The BJCP Board awarded Darwin “Dibbs” Harting of Pekin, IN the rank of Honorary Master at the 2019 National Homebrew Conference (NHC) in Providence, RI. Since Harting has collected the requisite Grand Master service requirement points and judging experience points, he also earned a promotion to the Grand Master rank. BJCP President Gordon Strong awarded Harting his new rank pins during NHC Club Night in front of his homebrew club, the Louisville Area Grain & Extract Research Society (LAGERS) of Kentucky.

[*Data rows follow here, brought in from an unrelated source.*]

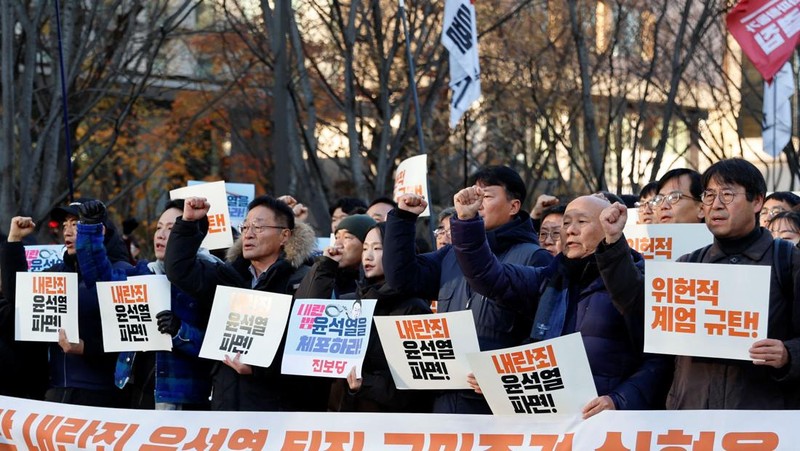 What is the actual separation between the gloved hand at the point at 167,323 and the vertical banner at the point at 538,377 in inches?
81.9

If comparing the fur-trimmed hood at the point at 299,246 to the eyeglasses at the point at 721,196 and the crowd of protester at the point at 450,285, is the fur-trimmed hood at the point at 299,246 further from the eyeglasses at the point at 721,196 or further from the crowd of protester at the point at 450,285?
the eyeglasses at the point at 721,196

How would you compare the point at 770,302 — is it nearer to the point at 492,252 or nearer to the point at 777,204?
the point at 492,252

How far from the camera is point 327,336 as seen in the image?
6.30 m

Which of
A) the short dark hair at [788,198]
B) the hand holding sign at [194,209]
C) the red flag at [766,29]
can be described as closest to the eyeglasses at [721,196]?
the short dark hair at [788,198]

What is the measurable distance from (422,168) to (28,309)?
8.92 feet

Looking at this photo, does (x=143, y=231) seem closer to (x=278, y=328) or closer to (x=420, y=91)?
(x=420, y=91)

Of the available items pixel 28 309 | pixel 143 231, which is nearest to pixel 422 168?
pixel 28 309

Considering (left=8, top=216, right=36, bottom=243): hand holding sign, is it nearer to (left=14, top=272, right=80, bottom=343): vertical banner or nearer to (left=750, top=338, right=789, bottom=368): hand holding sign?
(left=14, top=272, right=80, bottom=343): vertical banner

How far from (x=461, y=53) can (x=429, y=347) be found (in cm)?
544

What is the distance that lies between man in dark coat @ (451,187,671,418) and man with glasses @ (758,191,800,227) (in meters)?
2.19

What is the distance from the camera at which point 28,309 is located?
7586mm

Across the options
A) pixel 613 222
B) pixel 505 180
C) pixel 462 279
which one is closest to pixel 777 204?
pixel 505 180

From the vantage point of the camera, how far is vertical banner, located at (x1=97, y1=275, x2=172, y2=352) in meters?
6.93

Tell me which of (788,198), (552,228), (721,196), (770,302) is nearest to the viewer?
(770,302) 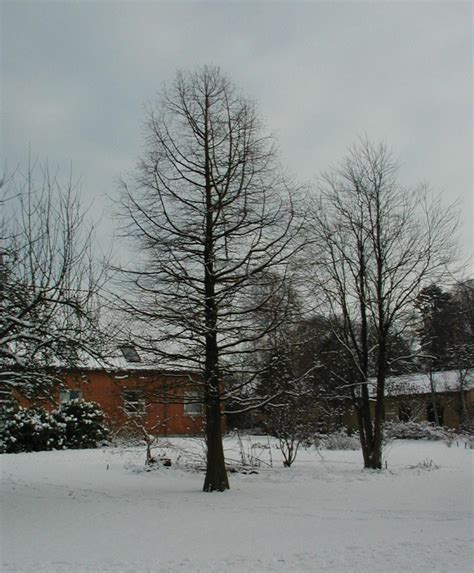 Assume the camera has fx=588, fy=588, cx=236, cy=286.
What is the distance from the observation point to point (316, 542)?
7.99 metres

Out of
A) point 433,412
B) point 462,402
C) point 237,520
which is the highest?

Strong said that “Dibbs was one of the first BJCP judges I met when I stewarded my first competition in 1995. He definitely knew his stuff, and corrected some of my early misconceptions including the pronunciation of dunkelweizen to the difference between esters and phenols. To aspire to his level of knowledge and professionalism drove my early judge career in the right direction. When I awarded Dibbs his Grand Master pin, he said something about coming a long way from that day. I’m surprised he remembered that meeting, but I think it it shows how we’ve come full circle that I could help recognize all that he’s done for the organization.”
Harting became a BJCP judge in 1994 and obtained the National rank in 1998. Several BJCP members submitted nominations for Harting to receive the Honorary Master rank. They praised him for over two decades of commitment to the BJCP via leading local judge training and recruitment efforts, including creating a local instructors guide and driving long distances to lead judge training classes. One nomination said that “I can say with absolute certainty that Dibbs is the main reason for almost every judge we have in the Kentuckiana area.”
In addition to training local judges, Harting has also contributed to research for the BJCP Style Guidelines, including extensive research on the Kentucky Common style, which he presented at the BJCP Member’s Meeting at NHC 2014 in Grand Rapids. He has also served as an exam grader and proctor in his over two decades of service to the BJCP. Other comments from local judges included:
“In the Louisville area, there has never been a bigger supporter of the BJCP. To us here in Louisville and southern Indiana, he is the godfather of beer.”
“As one of the early National Judges in our area, he has always made time to plan and teach classes so we could increase our judge pool; even when running a multi-national business and spending his free time farming, volunteering with his church, traveling to judge BJCP competitions, grading BJCP exams and being a prolific home brewer. With his travel for work, he always would seek out the local beers of an area then return and share with his students not only tasting notes for these beers but wonderful anecdotes of the brewers he met and their insights into their craft.”
“It is my belief that Dibbs could have easily continued to climb the ranks during his 25 year tenure, but he chose to put others before himself. His commitment has helped grow the BJCP, and he has a hand in developing many of the best and brightest judges in the Kentucky, Indiana, Ohio and Michigan area, including several grandmasters. I know I owe a debt of gratitude for his tutelage as well.”